Description of the task: Exclude all pictures from your copy of the data below, which should otherwise match exactly.

Dataset section:
Content starts

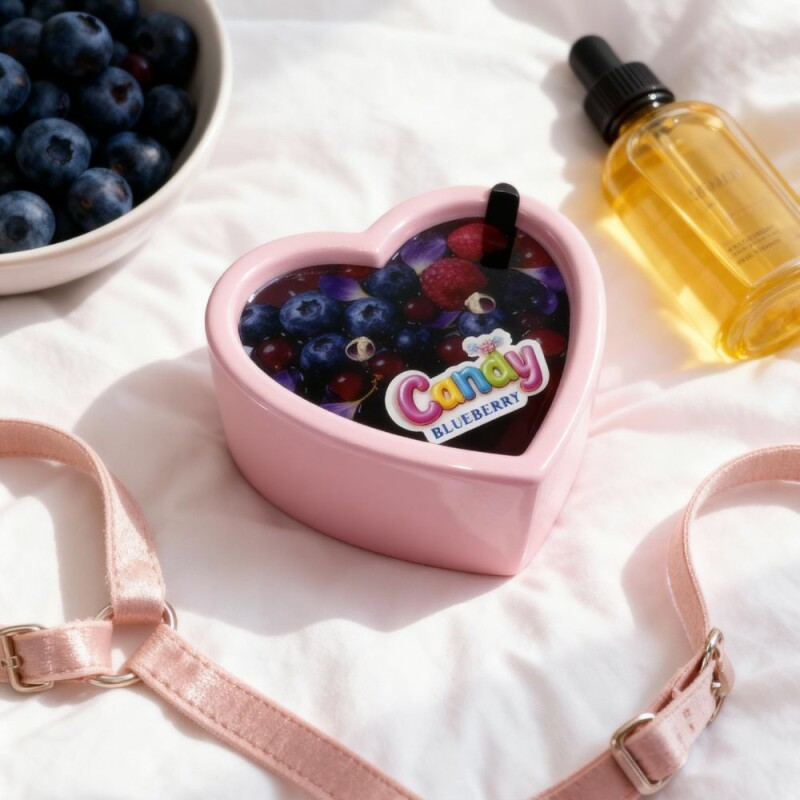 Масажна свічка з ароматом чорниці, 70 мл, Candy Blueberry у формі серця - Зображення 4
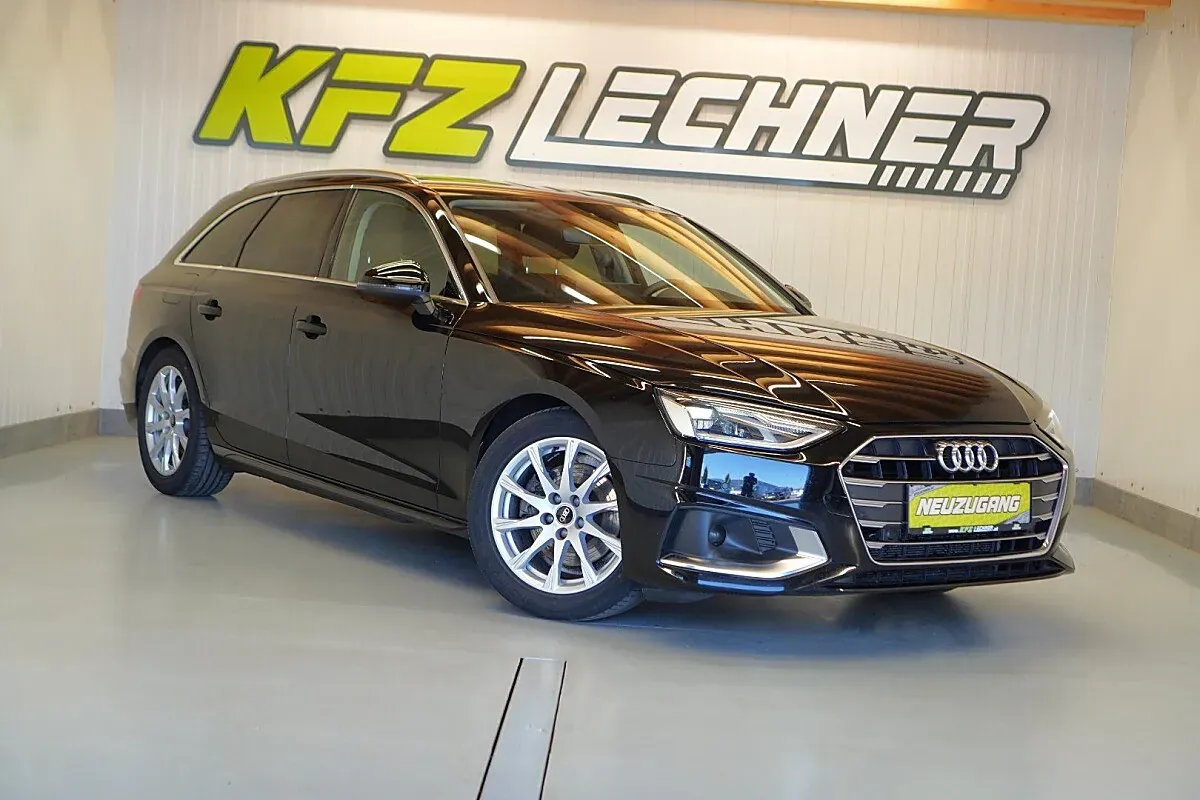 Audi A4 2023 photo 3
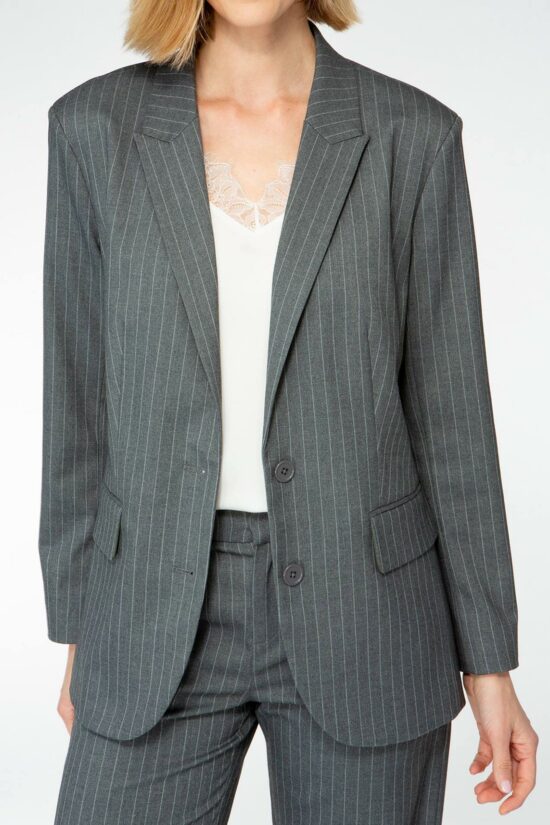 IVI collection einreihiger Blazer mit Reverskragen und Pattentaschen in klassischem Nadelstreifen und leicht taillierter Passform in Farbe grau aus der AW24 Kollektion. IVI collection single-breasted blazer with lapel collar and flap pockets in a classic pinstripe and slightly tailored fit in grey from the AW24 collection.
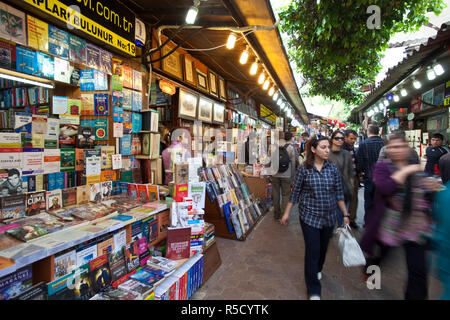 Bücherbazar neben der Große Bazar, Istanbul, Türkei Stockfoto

Content ends

Answer to the exercise:
 Масажна свічка з ароматом чорниці, 70 мл, Candy Blueberry у формі серця - Зображення 4
 Audi A4 2023 photo 3
 IVI collection einreihiger Blazer mit Reverskragen und Pattentaschen in klassischem Nadelstreifen und leicht taillierter Passform in Farbe grau aus der AW24 Kollektion. IVI collection single-breasted blazer with lapel collar and flap pockets in a classic pinstripe and slightly tailored fit in grey from the AW24 collection.
 Bücherbazar neben der Große Bazar, Istanbul, Türkei Stockfoto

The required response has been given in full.